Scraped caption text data
──────────────────────────────

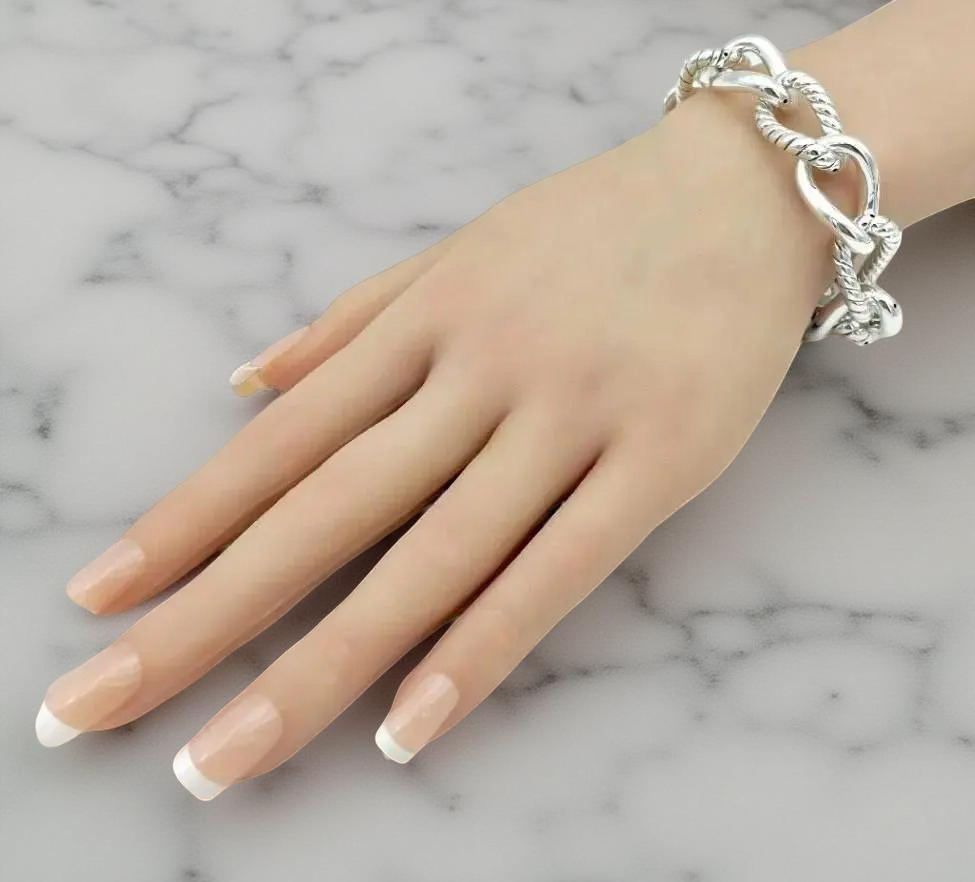 925 Sterling Silver 8.5" Curb Link Bracelet - Every Day Wear 1464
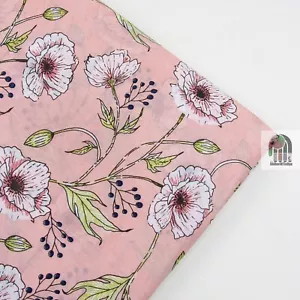 1 Yard Indian Cotton Hand Block Print Pink Floral Beautiful Craft Sewing Fabric - Picture 1 of 6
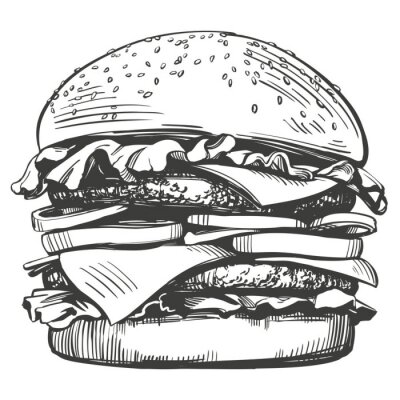 Papier peint  Dessin de hamburger noir et blanc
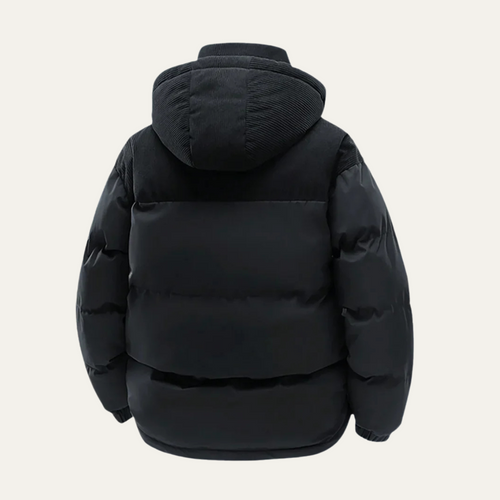 Men's Hooded Padded Puffer Coat with Zip Pockets in Navy - view 1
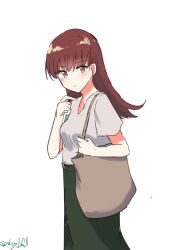 Rule 34 | 1girl, absurdres, bag, brown eyes, brown hair, feet out of frame, green skirt, highres, kantai collection, long hair, looking at viewer, one-hour drawing challenge, ooi (kancolle), robinson (day l full), shirt, simple background, skirt, solo, twitter username, white background, white shirt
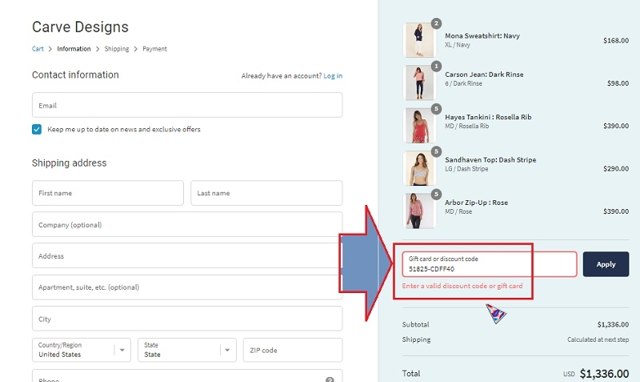 Carve Designs checkout page showing Carve Designs discount code box | Screenshot taken by SimplyCodes community member on Mar 22, 2021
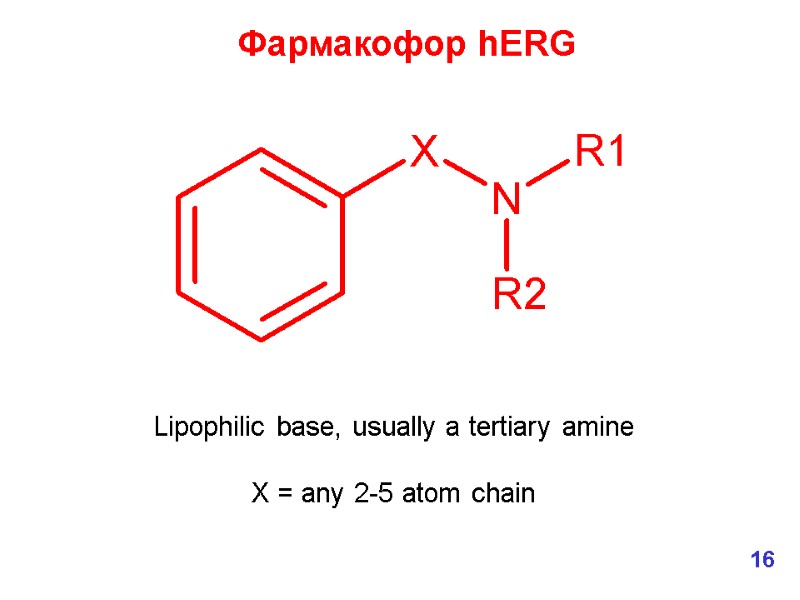 Lipophilic base, usually a tertiary amine  X = any 2-5 atom chain Фармакофор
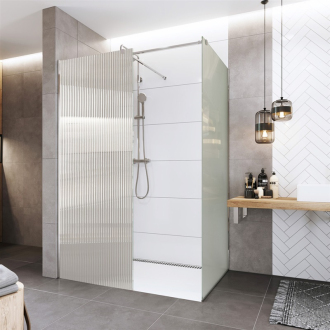 Novea sprchová stěna, 120 x 200 cm, sklo 8mm, Line, lišta ke stěně, EASY CLEAN CK10604HL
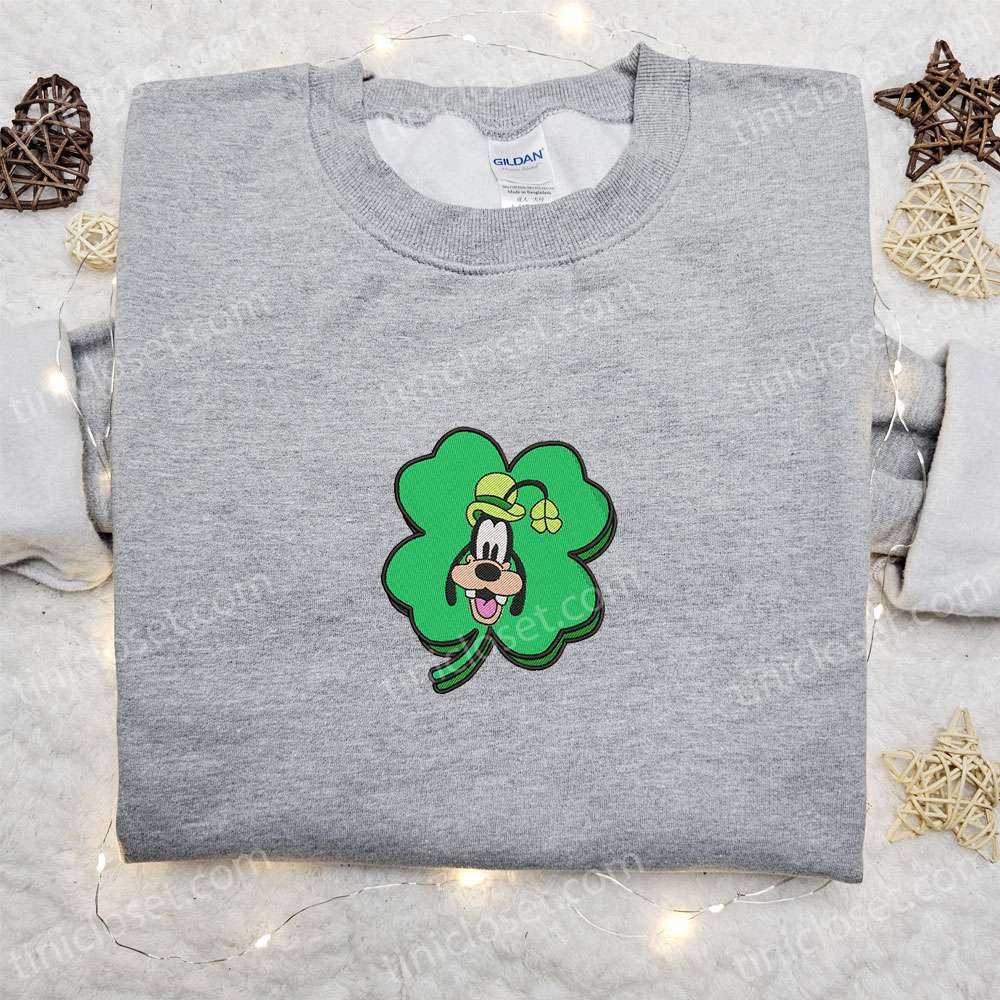 Clover Goofy Face Embroidered Shirt, Disney Characters Embroidered Hoodie, Saint Patrick’s Day Gift Ideas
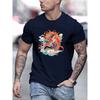 European Sizes Stylish Anime Dragon Print Men's T-shirt For Summer Outdoor, New Year Gift For Men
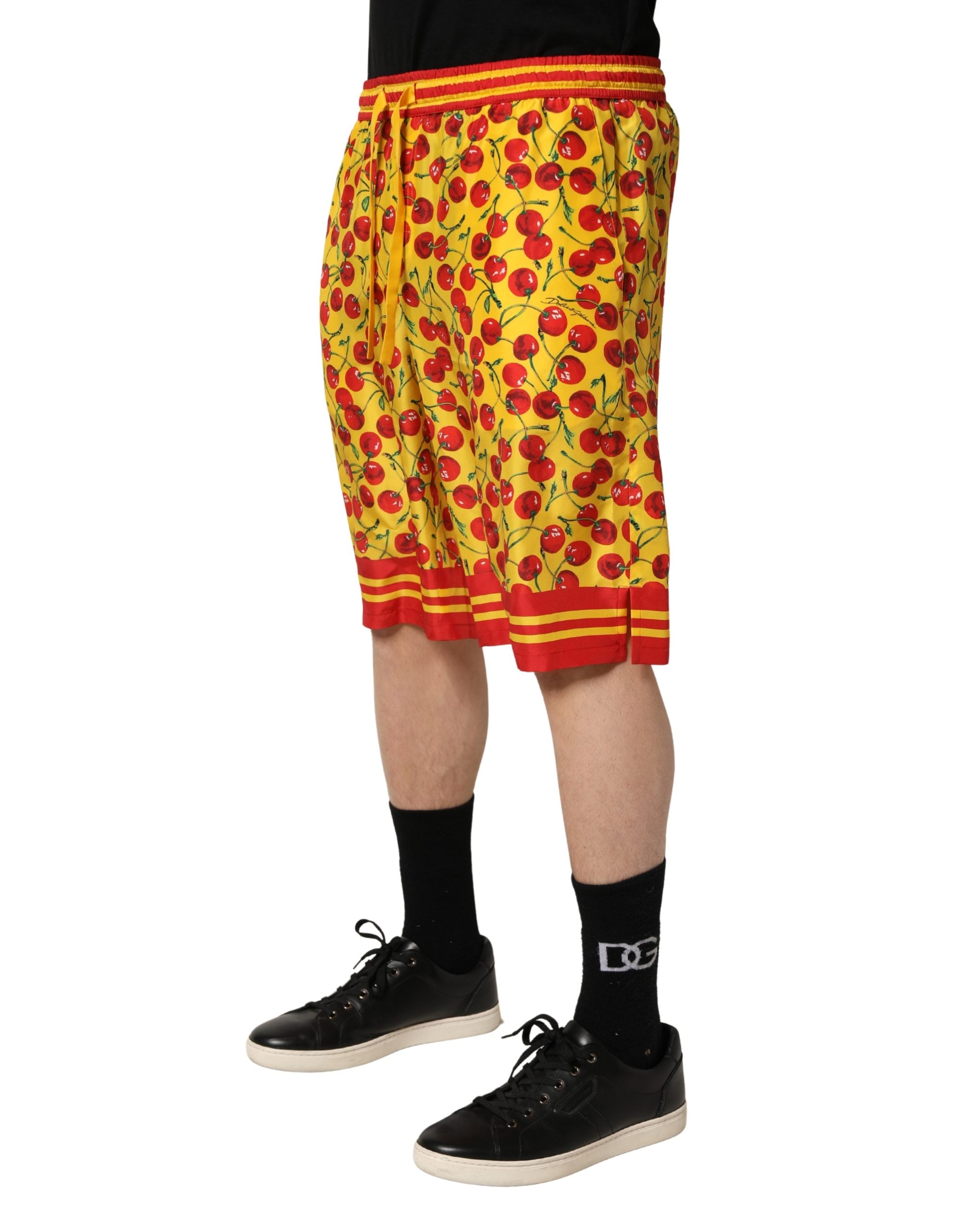 Dolce & Gabbana Yellow Red Cherry Print Silk Bermuda Shorts Dolce & Gabbana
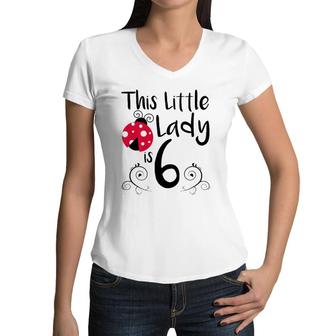 Kids 6 Years Old Ladybug Birthday Party Lady Bug Party 6Th Gift Women V-Neck T-Shirt | Mazezy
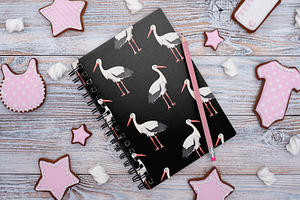 Watercolor Stork Set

──────────────────────────────

> **Problem description**
Restate the data word for word, minus any images.

> **Reply to the exercise**
 925 Sterling Silver 8.5" Curb Link Bracelet - Every Day Wear 1464
 1 Yard Indian Cotton Hand Block Print Pink Floral Beautiful Craft Sewing Fabric - Picture 1 of 6
 Papier peint  Dessin de hamburger noir et blanc
 Men's Hooded Padded Puffer Coat with Zip Pockets in Navy - view 1
 Rule 34 | 1girl, absurdres, bag, brown eyes, brown hair, feet out of frame, green skirt, highres, kantai collection, long hair, looking at viewer, one-hour drawing challenge, ooi (kancolle), robinson (day l full), shirt, simple background, skirt, solo, twitter username, white background, white shirt
 Carve Designs checkout page showing Carve Designs discount code box | Screenshot taken by SimplyCodes community member on Mar 22, 2021
 Lipophilic base, usually a tertiary amine  X = any 2-5 atom chain Фармакофор
 Novea sprchová stěna, 120 x 200 cm, sklo 8mm, Line, lišta ke stěně, EASY CLEAN CK10604HL
 Clover Goofy Face Embroidered Shirt, Disney Characters Embroidered Hoodie, Saint Patrick’s Day Gift Ideas
 European Sizes Stylish Anime Dragon Print Men's T-shirt For Summer Outdoor, New Year Gift For Men
 Dolce & Gabbana Yellow Red Cherry Print Silk Bermuda Shorts Dolce & Gabbana
 Kids 6 Years Old Ladybug Birthday Party Lady Bug Party 6Th Gift Women V-Neck T-Shirt | Mazezy
 Watercolor Stork Set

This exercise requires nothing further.